Tra i rifiuti più pericolosi per l'ambiente, in quanto non biodegradabili, ci sono i sacchetti di plastica che i supermercati offrono gratuitamente ai loro clienti.
I supermercati della catena "Summit" sono partiti in anticipo ed hanno iniziato, per un periodo di test, a fare pagare 5 yen le buste di plastica, con la speranza che i clienti vi rinuncino e decidano di portarsi da casa la borsa per la spesa. Con questa mini tassa si cerca quindi di indurre la gente e riusare più volta il proprio sacchetto di plastico.
Questo periodo di prova durerà fino alla fine di Marzo e presto altri supermercati cominceranno a far pagare le buste di plastica. Obbiettivo dell'esperimento è quello di risparmiare almeno 100.000 sacchetti.
Se le vendite non dovessero calare, i supermercati "Summit" continueranno a farsi pagare 5 yen per ogni busta di plastica anche dopo la fine del test, indipendentemente dal suo esito.
E' chiaro il tentativo di coinvolgere anche la gente nella lotta per l'ambiente.

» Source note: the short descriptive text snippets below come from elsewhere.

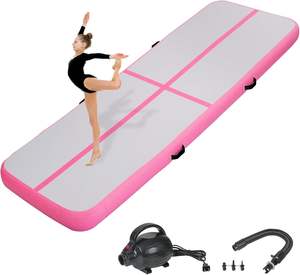 Tapis de gymnastique <span class=keywords><strong>gonflable</strong></span> pour entraînement de tumbling en gros, 10 pieds/13 pieds/16 pieds/20 pieds/23 pieds, pour utilisation en salle de sport avec pompe électrique - Product Image 4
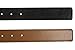Men's Reversible Leather Belt Strap Hermes Replacement, Navy, Tan, White, Brown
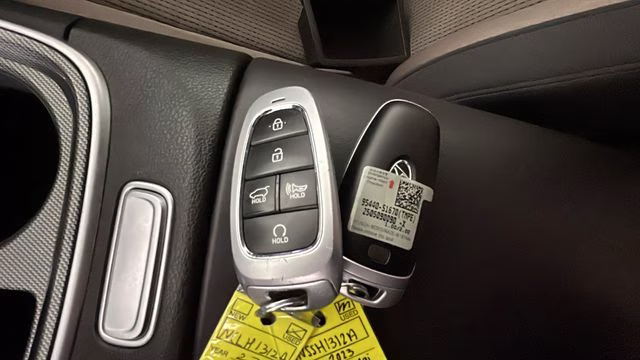 2023 Twilight Black Hyundai Santa Fe SEL AWD SUV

La tassa estremamente esigua, 5 yen (3 centesimi di euro), potrebbe non essere sufficiente per cercare di cambiare le abitudini dei clienti.
L'anno scorso 2000 famiglie sono state coinvolte in uno studio e sono state invitate, durante il periodo di test, a portarsi da casa la borsa per la spesa. I risultati sono stati desolanti: il 92% dei partecipanti ha detto di aver fallito nei loro sforzi e il 39% ha detto di essersi spesso dimenticata di portarsi la busta da casa.
Forse l'esperimento dei supermercati "Summit" non avrà successo. ma è comunque un lodevole tentativo per sensibilizzare la gente su certe tematiche molto importanti come la protezione dell'ambiente.